Len Rosen lives in Toronto, Ontario, Canada. He is a researcher and writer who has a fascination with science and technology. He is married with a daughter who works in radio, and a miniature red poodle who is his daily companion on walks of discovery. More...


  • Niccolo5

    Wow, you mean dirty old Ford’s global operations are “consuming” 0.008% as much fresh water as the Amazon River is wasting into the Atlantic Ocean? Oh I almost forgot, Ford has huge plants in Brazil, I wonder where all that fresh water they “consume” winds up. It’s hard to believe this issue should be anywhere near the center of the global concerns screen.

    • lenrosen4

      What Ford is publicly announcing is at least an acknowledgement that as an industry leader they need to deal with freshwater usage as well as their carbon footprint. All businesses need to acclimatize to the reality of water scarcity and climate change.

      • Niccolo5

        ((What Ford is publicly announcing is at least an acknowledgement that as an industry leader they need to deal with freshwater usage as well as their carbon footprint. All businesses need to acclimatize to the reality of water scarcity and climate change.))

        Yes, but it’s just empty PR. The basic problem is overpopulation not fresh water shortage. Ford products contribute to the overpopulation problem. Ford is part of the probleml, not part of the solution. Nearly every product Ford makes increases demand for fossil fuel, and that increases demand for freshwater..

        • lenrosen4

          The problem as I see it is our focus on economic growth as the measure of our society’s progress. It shouldn’t be. Growth is what’s killing us. We make more things. We take more from the Earth. We give birth to more people. We need a new paradigm upon which to build our human society, one that is more in harmony with the planet.

          What does that mean for the Ford Motor Companies of this world? How do you measure the intrinsic value a company provides by looking at more than its bottom line?

          • Niccolo5

            ((Growth is what’s killing us.))
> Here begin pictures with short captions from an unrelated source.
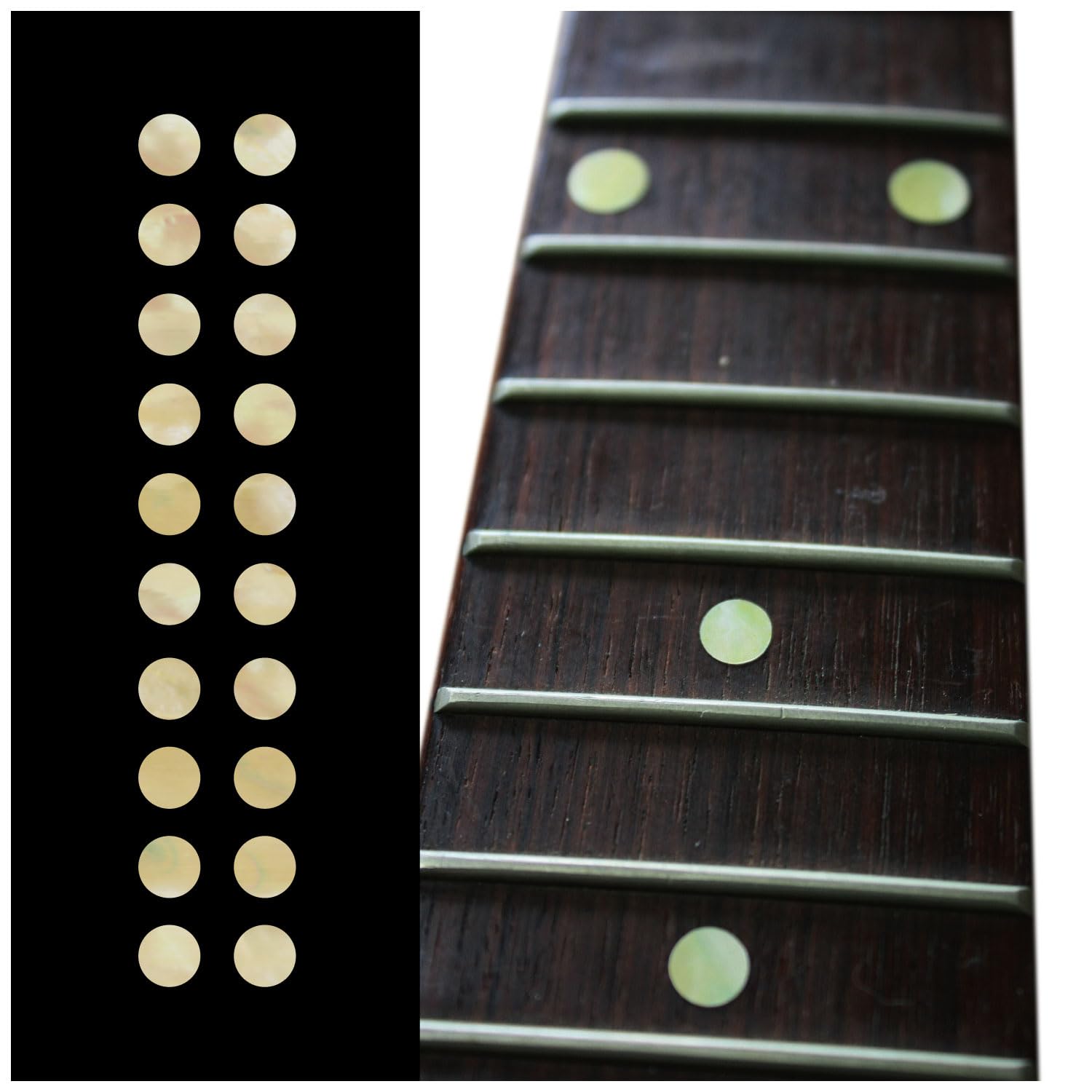 Inlaystickers 1/4(6.35mm) Dot Fret Markers - Aged White Pearl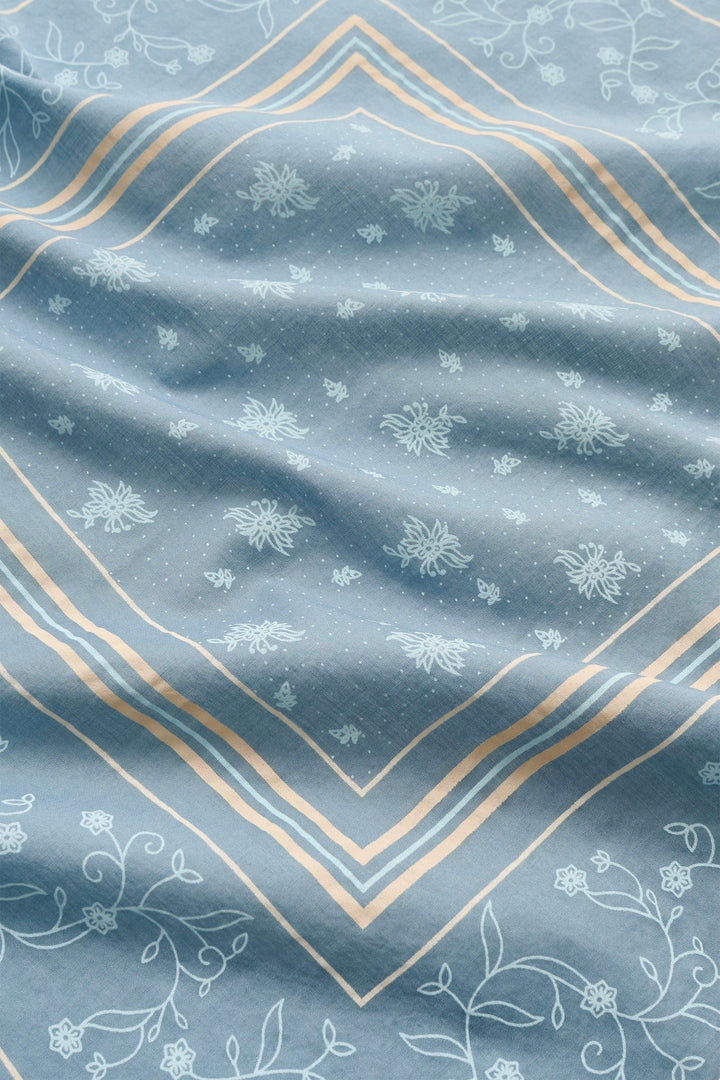 Skall Classic Scarf 55x55 Stormblue/Beige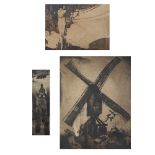 Maurice LANGASKENS (1884-1946), lot of 3 etchings, numbered and signed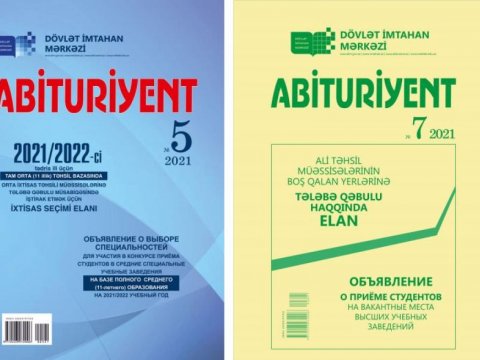 “Abituriyent” jurnalının 5-ci və 7-ci nömrələri DİM saytının “Elektron xidmətlər” bölməsinə yerləşdirilib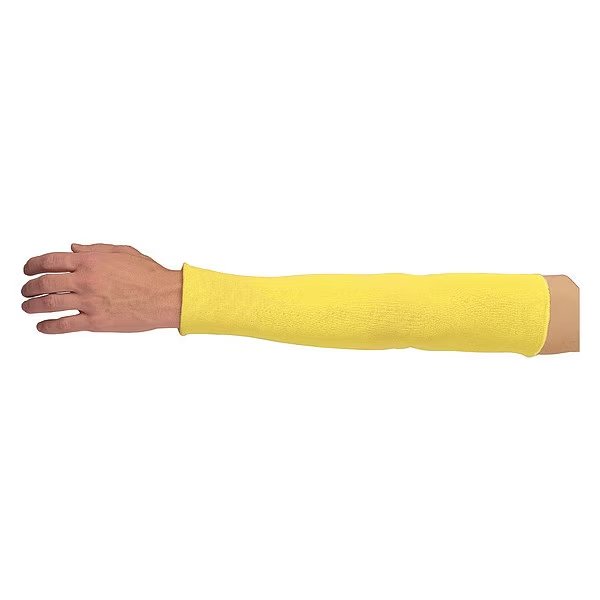 Cut Resistant Sleeve, 18 in. L, Yellow, Dry, MCR SAFETY, Mfr# 9378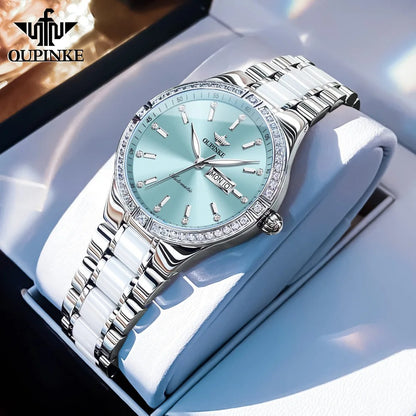 OUPINKE Diamond Bezel Watch
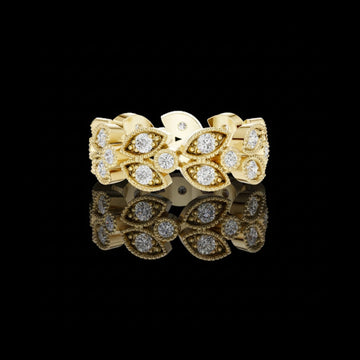1.50 TCW Vintage Inspired Round Floral Lab Grown Round Diamond Eternity Band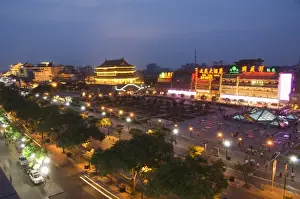 Chinese Prints: Chinese Style Buildings Print, Bell Tower Square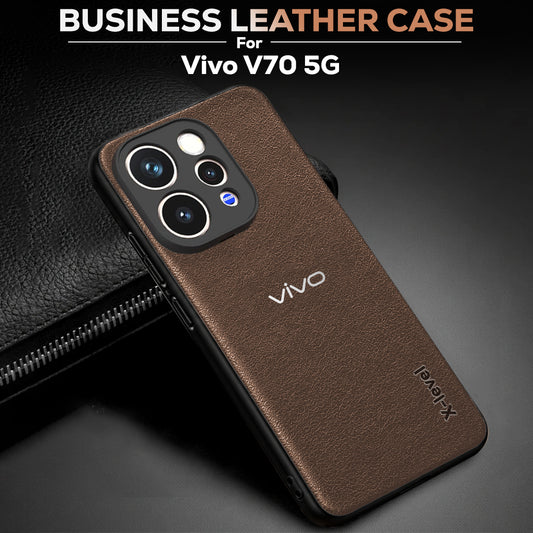 VIVO V70 5G Business Style PU LEATHER PROTECTIVE BACK CASE WITH CAMERA PROTECTION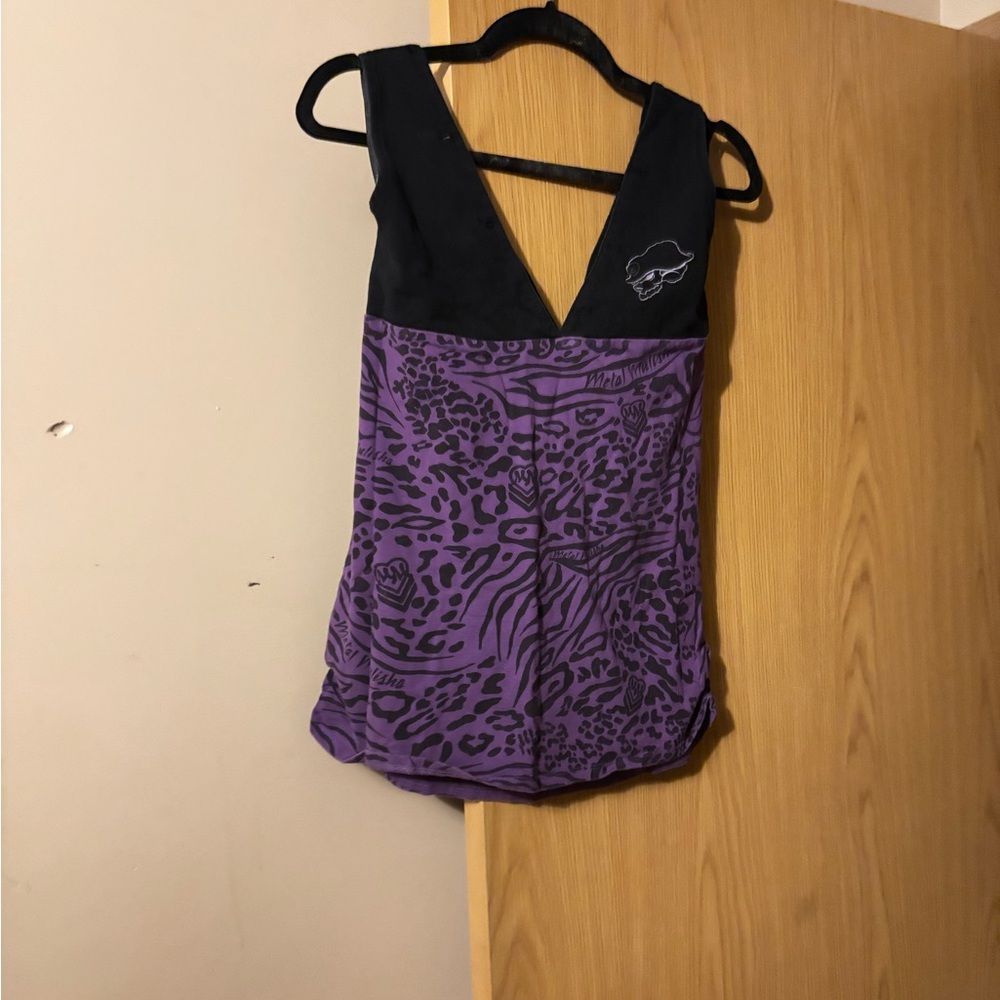 Morbid Metals Purple Asymmetrical Sleeveless Bodysuit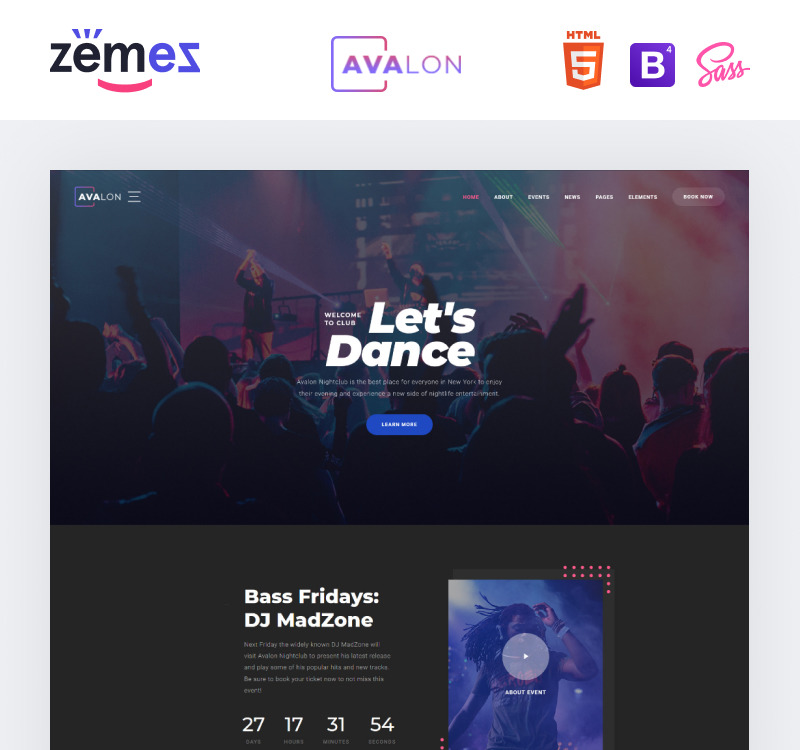Avalon Night Club Responsive Website Template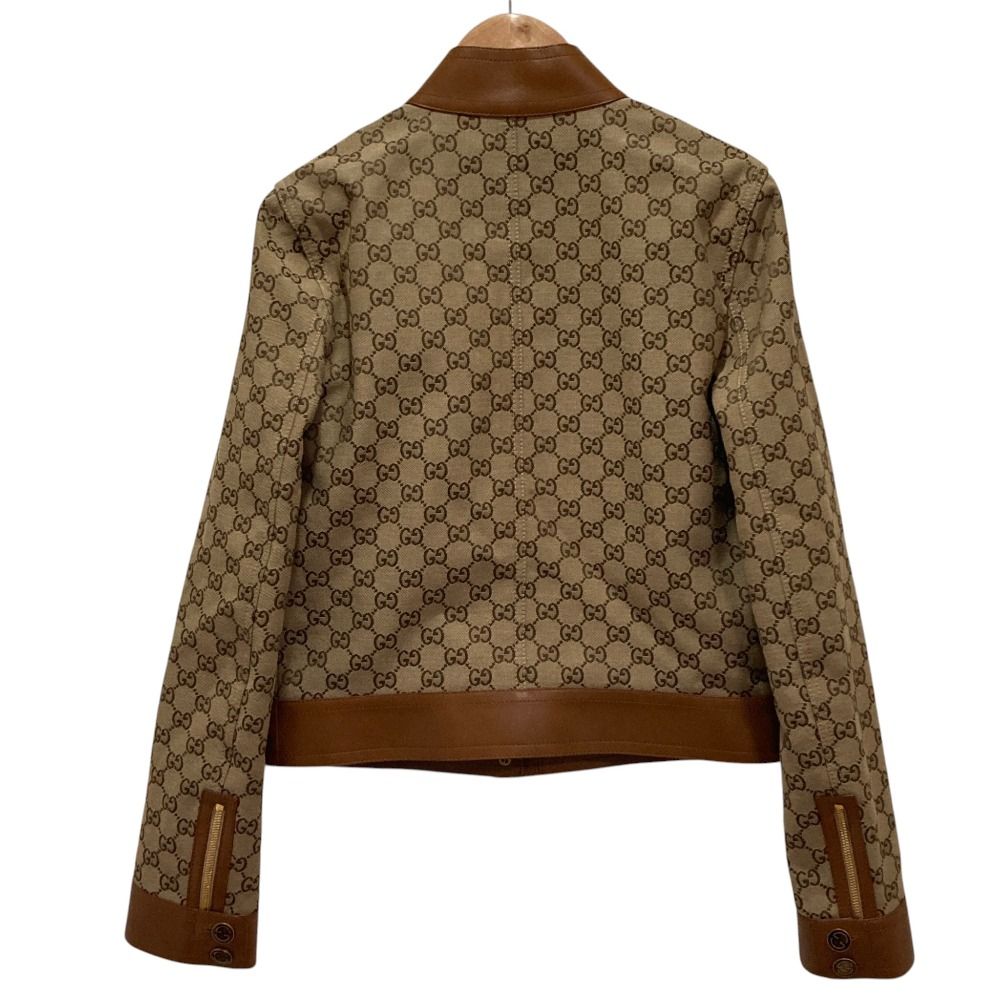 Gucci GG Canvas Leather Trim Rider's Jacket 38 Brown Beige — view 2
            Yes, but it’s overpopulation that is driving the growth. It’s a positive feedback cycle; the growth drives overpopulation and the overpopulation drive the growth. Each new person that is born intends to enjoy his “fair share” of global production and consumption. Not one out of a hundred is ever going to reduce his consumption or limit his reproduction because his conscience is telling him he contributes to environmental degradation. Humanity doesn’t have the technological competence to support the present population without serious environmental degradation. The atmospheric CO2 burden will reach levels that trigger an avalanche release of polar region methane. If mankind won’t limit its numbers, nature will.

            All the smart people see what’s coming, and they refuse to spend their last years before climate catastrophe making personal sacrifices frantically bailing down in the bilges. No, they are going to try to enjoy the final cruise in the first class ballroom and on the top deck. The wealthier ones will invest in comfortable survival sanctuaries in the remote Northern Canadian Rockies or the Scottish Highlands and figure the devil can take the hindmost of the rest.

          • lenrosen4

            You describe a doom and gloom scenario. I would hope, yes hope that smarter heads will soon prevail in our leadership, or that the grassroots will express their discontent in allowing the status quo to remain with all its attendant consequences. So I am hoping you are wrong in all your conclusions.